How to complete this task:
Only the lines below between the one holding "OCCASION SIGMA Docking Station CANON EF" and the one holding "2010 Toyota Camry", inclusive, are to be reproduced word for word; the pictures are to be left out.

Supplied material below:

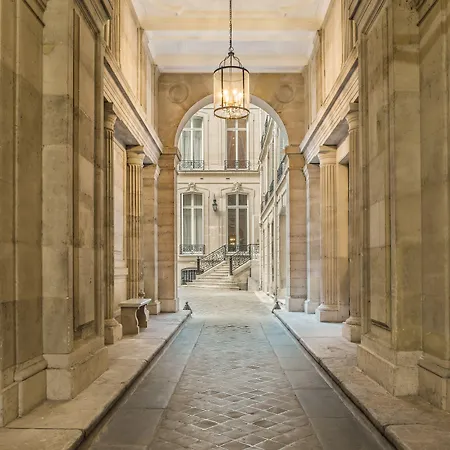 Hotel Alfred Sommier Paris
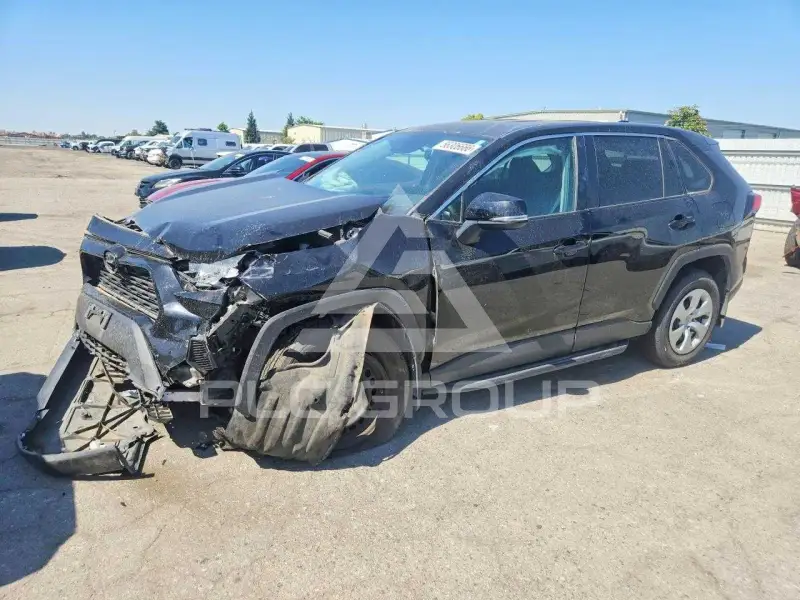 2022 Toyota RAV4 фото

End of Supplied material.
Supplied material below:

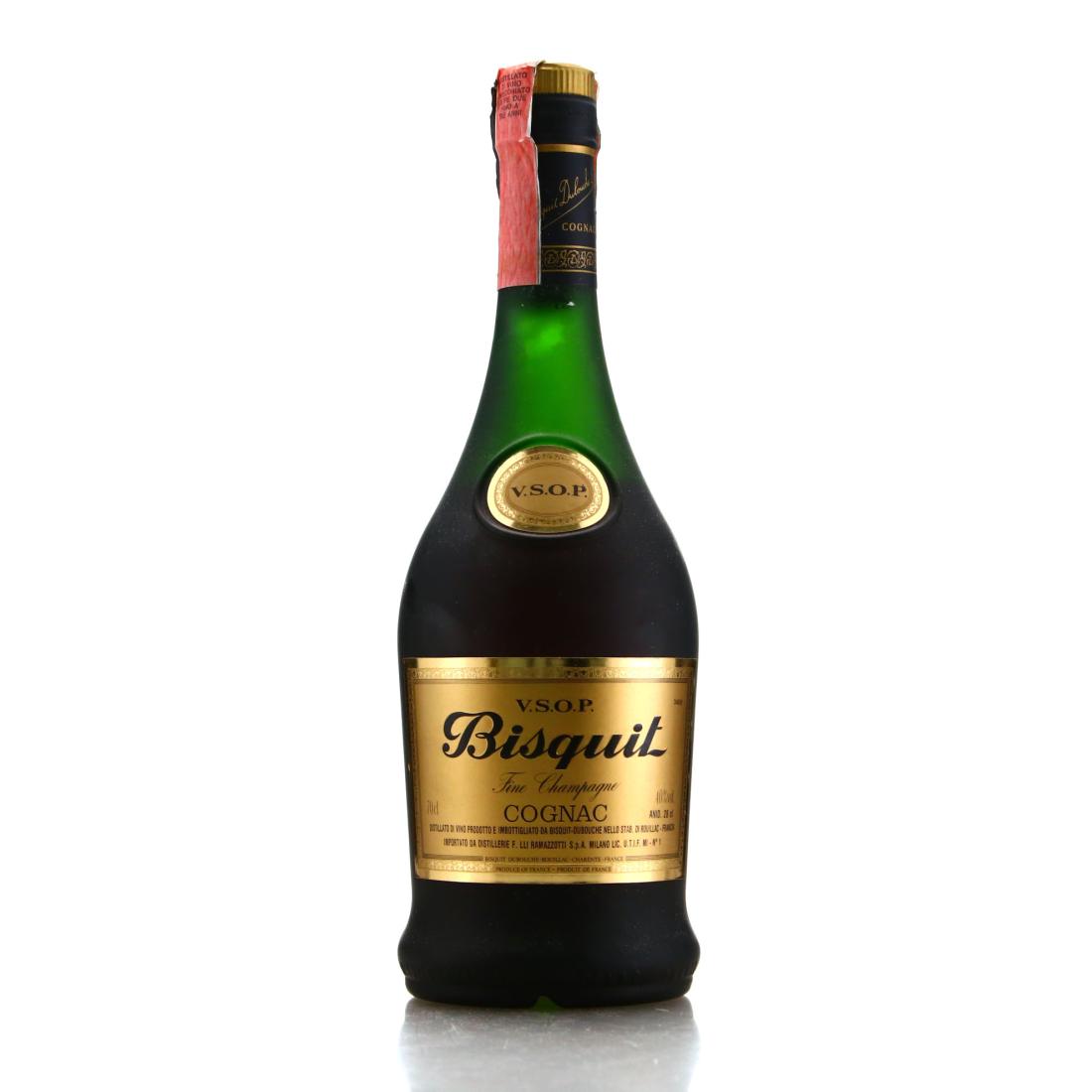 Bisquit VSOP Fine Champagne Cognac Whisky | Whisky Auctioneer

End of Supplied material.
Supplied material below:

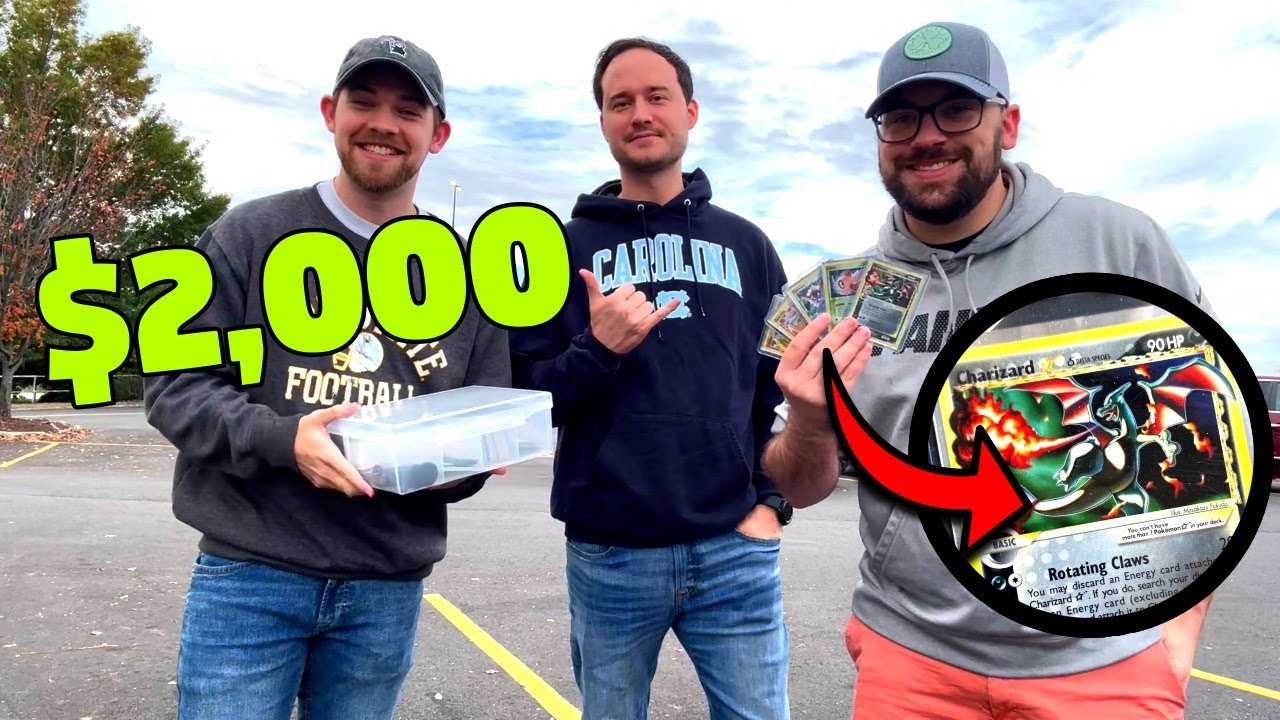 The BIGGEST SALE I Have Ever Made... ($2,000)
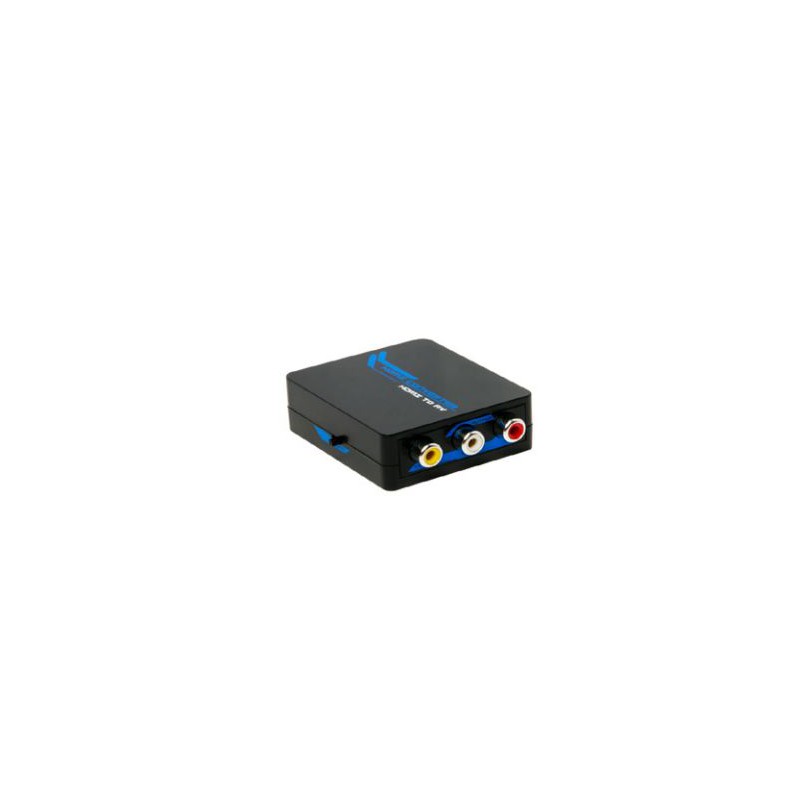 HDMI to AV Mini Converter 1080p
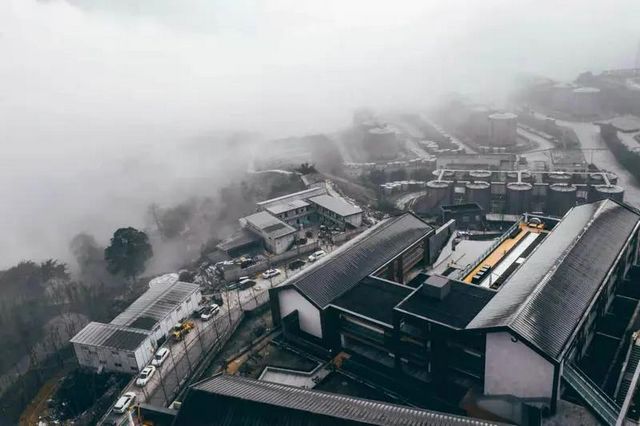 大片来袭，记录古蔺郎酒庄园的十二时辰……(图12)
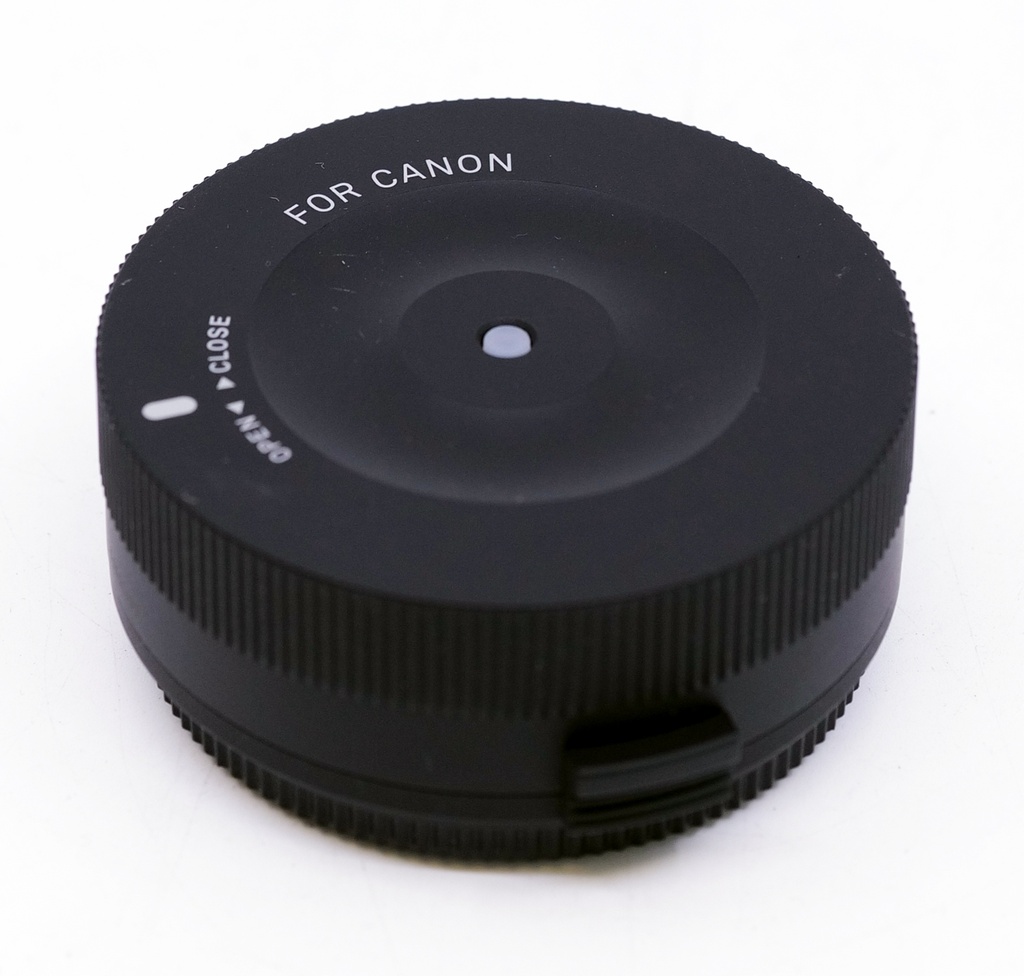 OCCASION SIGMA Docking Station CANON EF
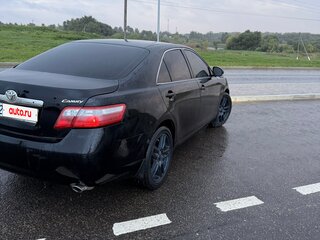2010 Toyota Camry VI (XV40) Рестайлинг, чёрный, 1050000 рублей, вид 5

End of Supplied material.

Task result:
 OCCASION SIGMA Docking Station CANON EF
2010 Toyota Camry VI (XV40) Рестайлинг, чёрный, 1050000 рублей, вид 5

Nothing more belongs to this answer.